Packages and Data

library(tidyverse)
library(infer)

The data is from https://archive.ics.uci.edu/ml/datasets/Liver+Disorders.

Each observation in the dataset constitutes the record of a male individual. The first 5 variables are all blood tests which are thought to be sensitive to liver disorders that might arise from excessive alcohol consumption. The last variable is meaningless, and we will drop it once we assign variable names.

Read in the data directly from the site with read_delim(). Function str_c() (from stringr in tidyverse) is for string concatenation and allows us to break up long strings. This is a nice way to keep your code within 80 characters.

liver <- read_delim(str_c("https://archive.ics.uci.edu/ml/",
                          "machine-learning-databases/liver-disorders/",
                          "bupa.data"), 
                    delim = ",", col_names = FALSE)

Feature Information (as given in the data):

  1. mcv mean corpuscular volume
  2. alkphos alkaline phosphotase
  3. sgpt alanine aminotransferase
  4. sgot aspartate aminotransferase
  5. gammagt gamma-glutamyl transpeptidase
  6. drink_qty number of half-pint equivalents of alcoholic beverages drunk per day
  7. selector field created by the BUPA researchers to split the data into train/test sets

Let’s set the variable names in the tibble and drop the last variable.

liver <- liver %>% 
  select(mcv = X1, alkphos = X2, sgpt = X3, sgot = X4, gammagt = X5, 
         drink_qty = X6) %>% 
  mutate(drink = if_else(drink_qty > 2, "yes", "no"),
         drink = factor(drink))

We created a new variable, drink, using mutate(). What does it mean?

set.seed(032420)
liver

Exercises

Part 1

Exercise 1

Use the sample data to create a 96% confidence interval for the mean corpuscular volume for all males. What assumptions must you make?

liver %>% 
  specify(response = mcv) %>% 
  generate(reps = 1000, type = "bootstrap") %>% 
  calculate(stat = "mean") %>% 
  summarise(
    lb = quantile(stat, .02),
    ub = quantile(stat, .98)
  )

Exercise 2

Write out an interpretation of your interval from Exercise 1.
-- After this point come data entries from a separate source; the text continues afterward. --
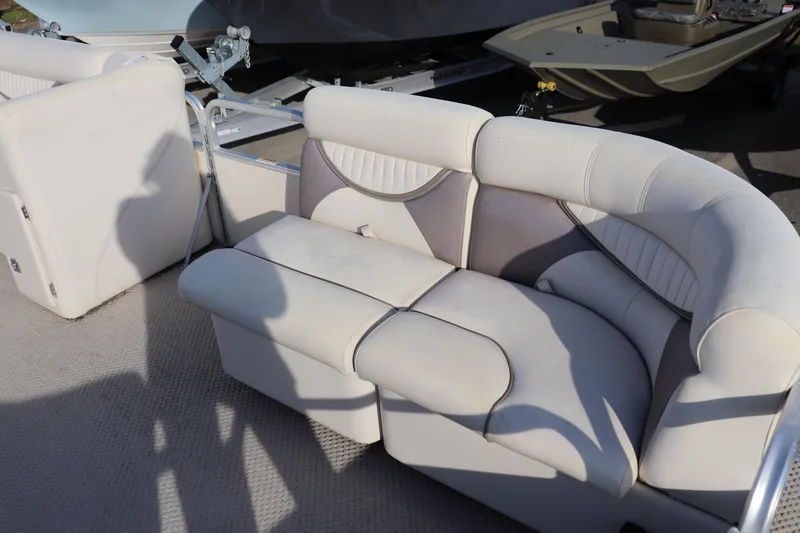 Slide: The Image of 2008 Sweetwater 2186RE boat interior with white cushioned seating. - 3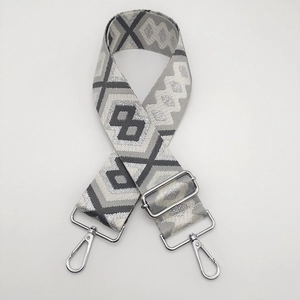 Detail of gray geometric nylon bag strap with silver metal lobster clasps and buckle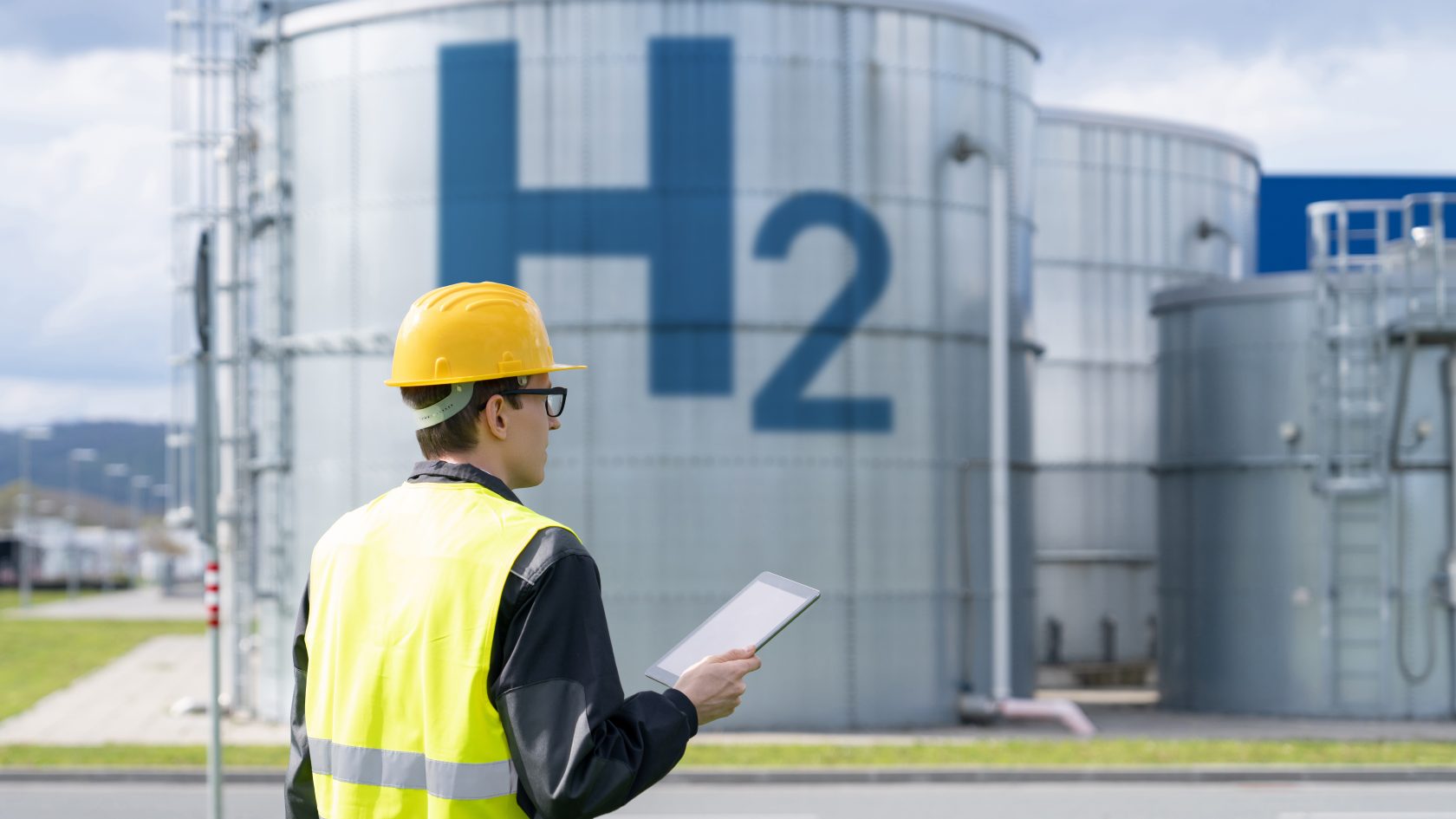 Industrial hydrogen storage tanks labeled H2 at a green hydrogen production facility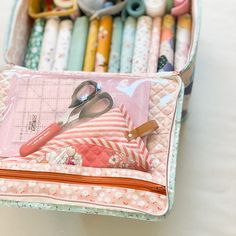 a pair of scissors sitting on top of a pink and white container filled with crayons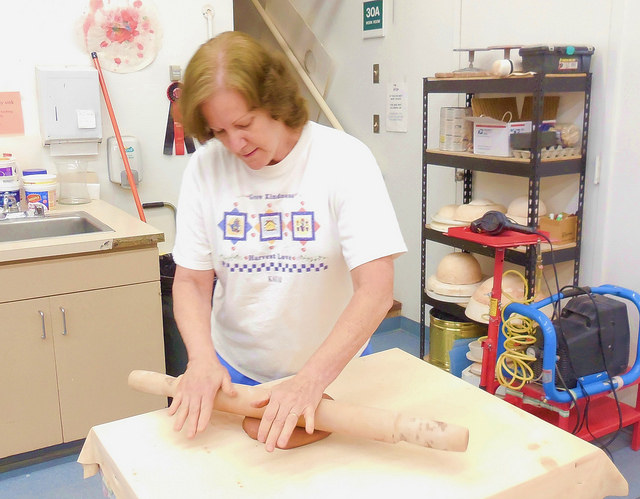 Pottery studio manager Kathleen Birkholz rolling out a piece of pottery with a rolling pin.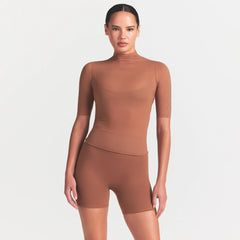 NikeSKIMS WEIGHTLESS LAYERS MOCK NECK SHORT SLEEVE T-SHIRT | CAROB BROWN ON A MODEL FRONT VIEW @ | FOCUS: 0.0, 1.0, 0.9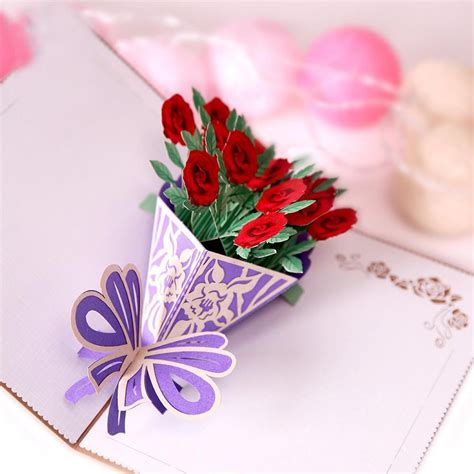 A Bouquet Of Red Roses Sitting On Top Of An Open Card With A Butterfly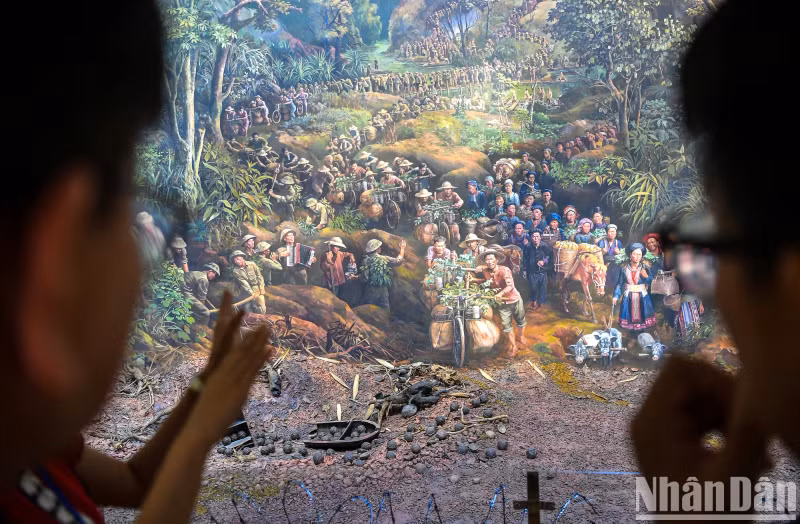 The tour guide leads viewers to each segment of the painting. In the photo is the first scene "All the people go to war" with images of overlapping groups of people, soldiers carrying goods, climbing mountains and wading streams to provide food for the front line.
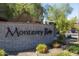 Elegant stone sign marking the entrance to Monterey Ridge, set amidst lush landscaping and trees at 17850 N 68Th St # 3120, Phoenix, AZ 85054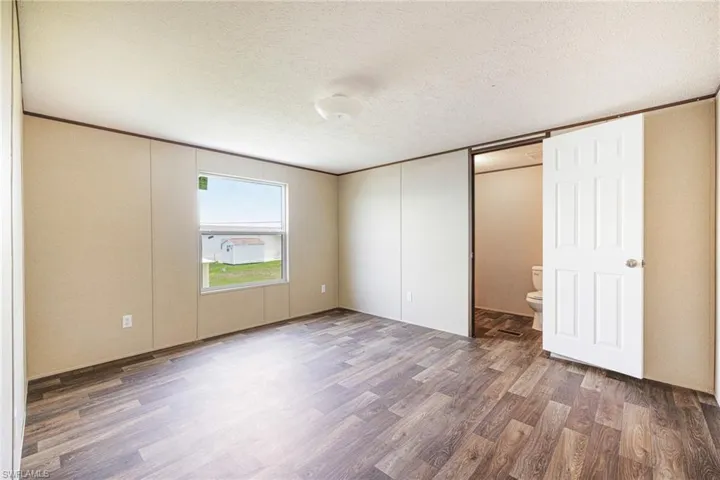 Unfurnished bedroom with wood finished floors, a textured ceiling, and connected bathroom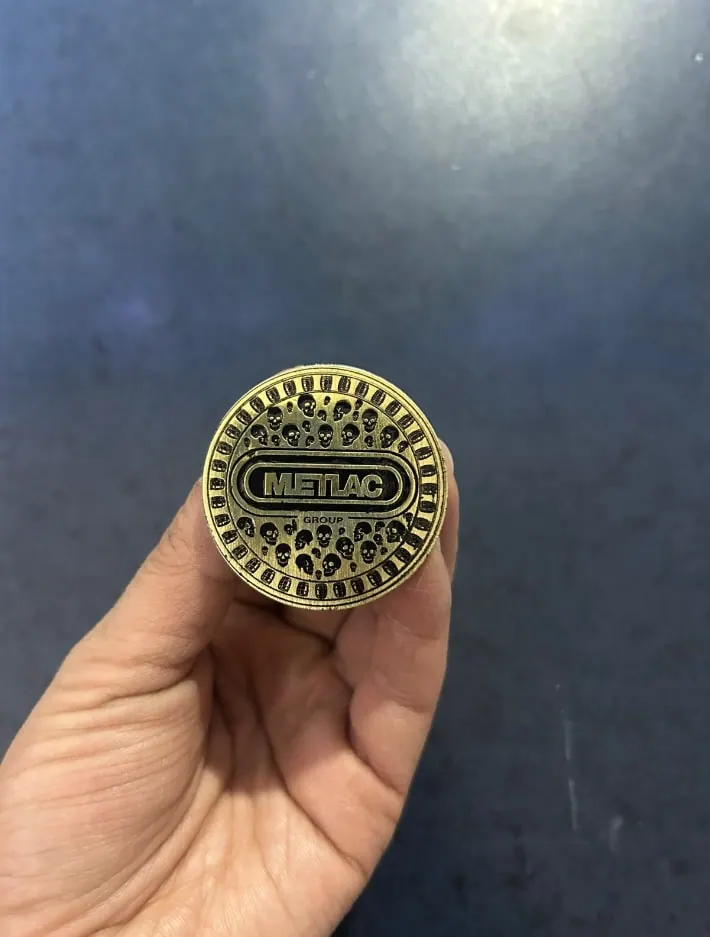 Medalla metálica con logotipo en relieve, sostenida en la mano
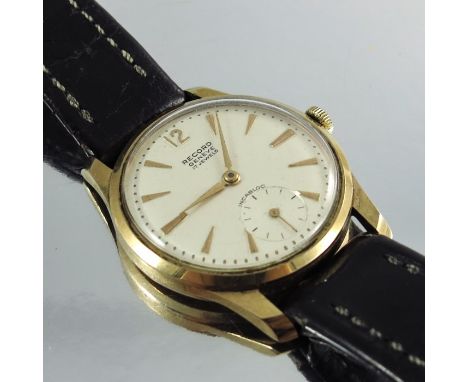 A 9 carat gold Record gents wristwatch, champagne dial with subsidiary seconds, manual wing, black leather strap, 3.5cm diame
We are 96% confident that the mean corpuscular volume is captured by the interval (89.72, 90.64).

Part 2

Your goal will now be to create a 96% confidence interval for the mean difference in corpuscular volume for those males that have more than 2 drinks per day and those that don’t. Define the difference as more than 2 drinks minus those with less than or equal to 2 drinks.

Exercise 3

Before you get started, consult https://infer.netlify.com/articles/flights_examples.html#one-numerical-variable-one-categorical-2-levels-diff-in-means-1

What do you need to change in specify() and calculate()?

  • account for two variables - mcv and drink
  • use “diff in means” and argument order in function calculate()

Exercise 4

Plot the bootstrapped sampling distribution for the difference in means. Comment on what you observe.

boot_dist <- liver %>% 
  specify(mcv ~ drink) %>% 
  generate(reps = 1000, type = "bootstrap") %>% 
  calculate(stat = "diff in means", order = c("yes", "no"))

visualise(boot_dist)

ggplot(data = boot_dist, mapping = aes(x = stat)) +
  geom_histogram(binwidth = .25, color = "darkgreen", alpha = .5) +
  theme_bw()